(GIVEN DATA Opens)

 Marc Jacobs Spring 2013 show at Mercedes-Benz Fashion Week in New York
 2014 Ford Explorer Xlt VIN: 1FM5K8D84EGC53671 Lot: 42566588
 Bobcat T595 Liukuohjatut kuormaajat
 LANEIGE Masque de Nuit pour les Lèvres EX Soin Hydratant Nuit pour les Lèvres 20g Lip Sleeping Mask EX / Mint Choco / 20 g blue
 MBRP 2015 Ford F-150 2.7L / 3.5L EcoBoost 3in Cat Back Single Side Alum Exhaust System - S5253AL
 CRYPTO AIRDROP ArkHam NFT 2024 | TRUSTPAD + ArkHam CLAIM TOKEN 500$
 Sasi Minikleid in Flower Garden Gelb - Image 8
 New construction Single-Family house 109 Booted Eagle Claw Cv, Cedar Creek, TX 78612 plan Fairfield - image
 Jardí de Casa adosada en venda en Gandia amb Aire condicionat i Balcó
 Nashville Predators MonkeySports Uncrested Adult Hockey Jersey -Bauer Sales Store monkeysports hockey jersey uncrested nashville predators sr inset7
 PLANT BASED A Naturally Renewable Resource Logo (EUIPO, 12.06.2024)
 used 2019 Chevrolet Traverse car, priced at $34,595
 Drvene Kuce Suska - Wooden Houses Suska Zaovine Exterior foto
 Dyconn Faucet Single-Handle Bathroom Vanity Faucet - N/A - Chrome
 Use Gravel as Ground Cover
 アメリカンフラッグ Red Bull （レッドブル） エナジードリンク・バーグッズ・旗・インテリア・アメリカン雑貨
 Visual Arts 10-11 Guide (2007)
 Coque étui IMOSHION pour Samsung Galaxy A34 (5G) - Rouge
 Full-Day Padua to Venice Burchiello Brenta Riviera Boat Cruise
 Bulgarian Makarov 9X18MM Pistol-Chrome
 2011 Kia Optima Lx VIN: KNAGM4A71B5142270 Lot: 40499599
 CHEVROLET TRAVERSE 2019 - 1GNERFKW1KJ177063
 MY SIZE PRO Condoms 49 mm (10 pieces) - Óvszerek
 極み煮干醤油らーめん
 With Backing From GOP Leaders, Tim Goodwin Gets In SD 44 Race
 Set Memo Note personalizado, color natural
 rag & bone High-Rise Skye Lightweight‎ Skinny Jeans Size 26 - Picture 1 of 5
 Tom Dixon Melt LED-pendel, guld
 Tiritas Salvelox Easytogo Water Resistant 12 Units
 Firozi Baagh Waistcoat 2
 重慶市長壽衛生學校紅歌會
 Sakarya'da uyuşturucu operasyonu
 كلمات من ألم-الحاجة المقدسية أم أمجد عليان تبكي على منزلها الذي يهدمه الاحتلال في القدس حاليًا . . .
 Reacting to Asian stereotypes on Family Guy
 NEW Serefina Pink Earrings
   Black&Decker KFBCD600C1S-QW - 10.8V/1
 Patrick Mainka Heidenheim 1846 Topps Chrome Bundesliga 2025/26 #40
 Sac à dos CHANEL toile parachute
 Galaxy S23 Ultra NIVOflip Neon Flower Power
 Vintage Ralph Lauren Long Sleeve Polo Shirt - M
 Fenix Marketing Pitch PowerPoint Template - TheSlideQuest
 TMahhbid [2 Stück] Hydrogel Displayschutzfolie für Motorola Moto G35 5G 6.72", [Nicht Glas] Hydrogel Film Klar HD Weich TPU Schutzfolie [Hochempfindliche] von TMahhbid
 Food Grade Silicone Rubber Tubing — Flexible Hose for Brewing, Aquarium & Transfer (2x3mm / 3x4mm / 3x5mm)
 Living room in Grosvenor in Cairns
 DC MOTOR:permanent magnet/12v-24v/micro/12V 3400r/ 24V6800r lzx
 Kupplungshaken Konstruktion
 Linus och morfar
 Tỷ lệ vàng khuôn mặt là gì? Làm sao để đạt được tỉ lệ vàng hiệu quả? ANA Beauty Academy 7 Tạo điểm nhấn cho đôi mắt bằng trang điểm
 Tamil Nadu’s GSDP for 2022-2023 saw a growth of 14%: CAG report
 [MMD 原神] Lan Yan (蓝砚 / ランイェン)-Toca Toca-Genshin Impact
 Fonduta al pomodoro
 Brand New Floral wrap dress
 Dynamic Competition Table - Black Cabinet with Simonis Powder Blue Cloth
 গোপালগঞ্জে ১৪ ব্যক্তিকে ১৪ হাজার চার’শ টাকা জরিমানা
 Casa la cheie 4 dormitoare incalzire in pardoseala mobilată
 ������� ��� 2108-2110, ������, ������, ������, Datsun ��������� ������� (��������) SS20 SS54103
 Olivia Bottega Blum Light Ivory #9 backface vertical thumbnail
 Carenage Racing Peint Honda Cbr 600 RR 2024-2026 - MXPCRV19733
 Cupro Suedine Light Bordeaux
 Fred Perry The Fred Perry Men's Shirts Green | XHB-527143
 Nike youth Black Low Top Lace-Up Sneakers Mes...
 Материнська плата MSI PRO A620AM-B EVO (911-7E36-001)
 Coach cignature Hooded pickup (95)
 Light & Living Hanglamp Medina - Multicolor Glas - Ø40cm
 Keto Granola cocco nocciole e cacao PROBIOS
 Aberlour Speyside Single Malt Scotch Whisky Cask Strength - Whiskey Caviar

(GIVEN DATA Closes)

■ WHAT TO PRODUCE
Copy every line in the entries above that has the string "Casa" in it.

■ FINAL ANSWER
 Jardí de Casa adosada en venda en Gandia amb Aire condicionat i Balcó
 Casa la cheie 4 dormitoare incalzire in pardoseala mobilată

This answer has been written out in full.